Une compréhension renouvelée de la foi démolit la prison de la croyance. (...)  Personne n’est exclu de cet élargissement de l’expérience de l’unité qui s’élève des profondeurs de l’âme, dans lesquelles les croyances ne peuvent pénétrer parce que « nous connaissons Dieu non par la pensée mais par l’amour ».

À la lumière de l’expérience contemplative, nous n’identifions plus la foi à la croyance, et nous ne condamnons plus la croyance d’autrui sous prétexte qu’elle est déficiente. (...) . Et dans le risque encouru – car il y a bien un risque – à aller à la rencontre de l’autre, à rencontrer d’autres croyants dans l’étrange royaume de la différence, nous découvrons la nature même de la foi. Nous sommes également rassurés en voyant que notre propre identité, que nous craignions menacée, se trouve en fait confirmée…

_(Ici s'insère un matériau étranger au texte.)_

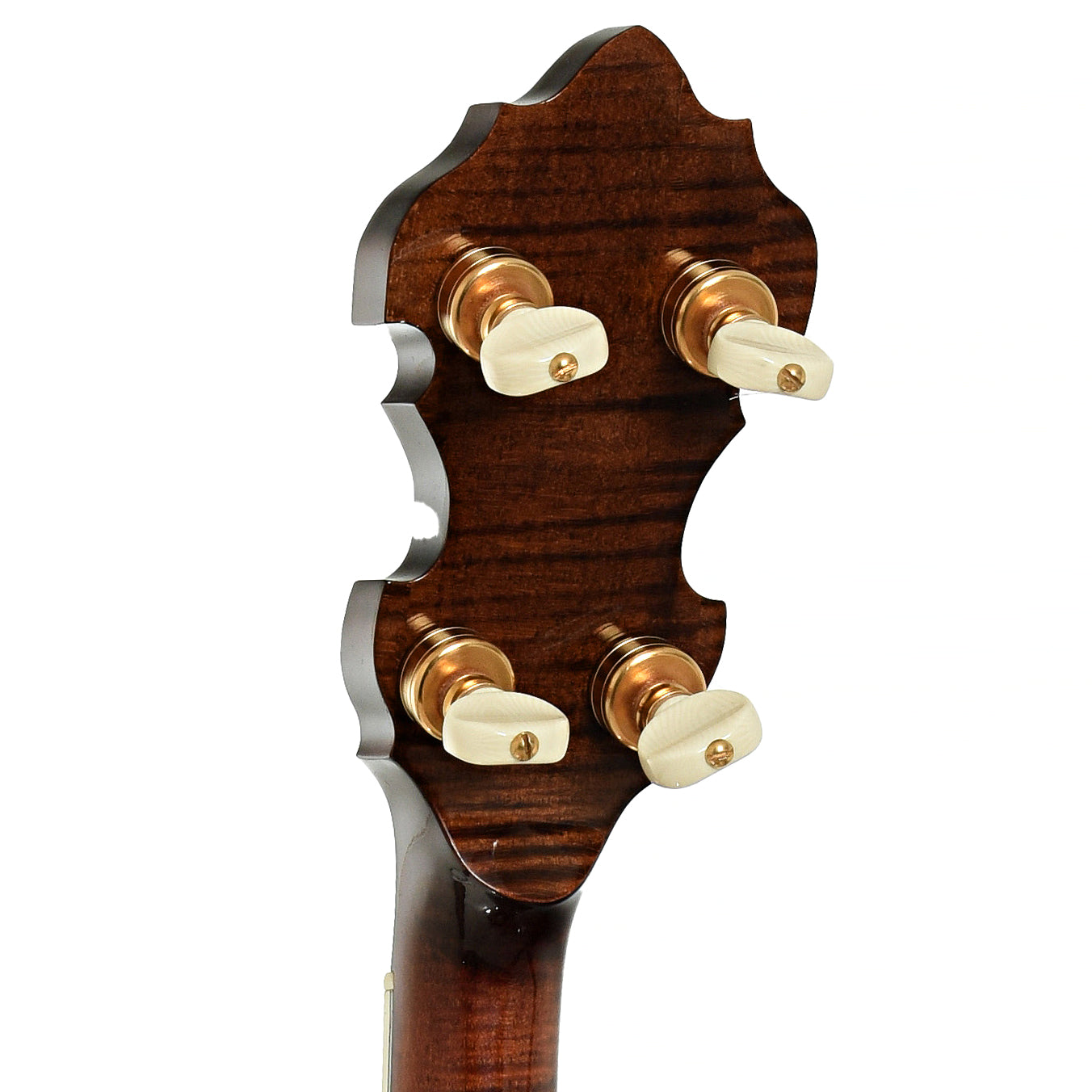 Tuners of Sullivan Vintage 35 Gold Flying Eagle Resonator Banjo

Se contenter d’affirmer et de défendre ses croyances ne peut mener à une vraie communauté de foi. Cette attitude fait de nous des adeptes d’une secte, des artisans d’une cabale fondamentaliste. Elle inhibe le mental en tant qu’organe de perception et de vérité. Si, confondant ainsi foi et croyance, nous envisageons la foi comme une vertu conférant le sentiment d’être différent ou supérieur aux autres, nous devenons tel le pharisien qui remerciait Dieu de l’avoir fait différent des autres et qui trouvait satisfaction dans le fait d’être supérieurement différent. Dans cet état, le mental religieux peut même se persuader que cette attitude est de l’humilité.  (...)

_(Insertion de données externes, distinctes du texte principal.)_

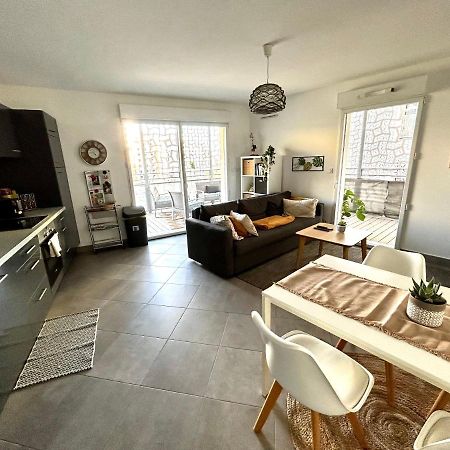 Appartement Cosy - Port Marianne - Garage Sous Sol Montpellier Esterno foto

La foi est l’autoroute de l’esprit. Tout acte de foi que nous faisons est un dévoilement du labyrinthe de l’esprit. La croyance, coupée de la foi, conduit à un dédale de miroirs, une suite infinie de régressions, le dédale de l’ego. Les dédales conduisent à des impasses, et plus nous nous perdons plus nous paniquons. Les labyrinthes, en revanche, ne demandent qu’une chose, que l’on suive avec foi leurs sinuosités étranges mais en fin de compte symétriques, pour nous faire revenir au centre.

 p. 14-15.

Plus que toute autre religion, le christianisme a succombé à la tentation du pouvoir que crée l’uniformité de croyance. Vouer un culte à l’orthodoxie de croyance – faire en sorte que les mots, les rituels, les manifestations extérieures de la foi et les formules soient exactement comme il faut – est une trahison du Dieu vivant au profit d’un faux dieu de notre fabrication…

La croyance peut être héroïque.  (...) La foi est plus que la croyance la plus héroïque. Elle n’est pas seulement une conviction à laquelle on tient passionnément, quelles que soient la loyauté et l’abnégation de notre attachement. La foi est plus qu’un concept et plus qu’un signe d’appartenance loyale à un groupe particulier.

C’est une relation avec ce que l’on croit ; avec ce que l’on croit parce qu’on en fait l’expérience ; avec ce dont on fait l’expérience parce qu’on est simplement fait pour elle. Et par elle. La foi nous plonge dans l’ontologie et révèle indéfiniment la pleine dimension des mystères de l’être.

Fr. Laurence Freeman, moine anglais bénédictin.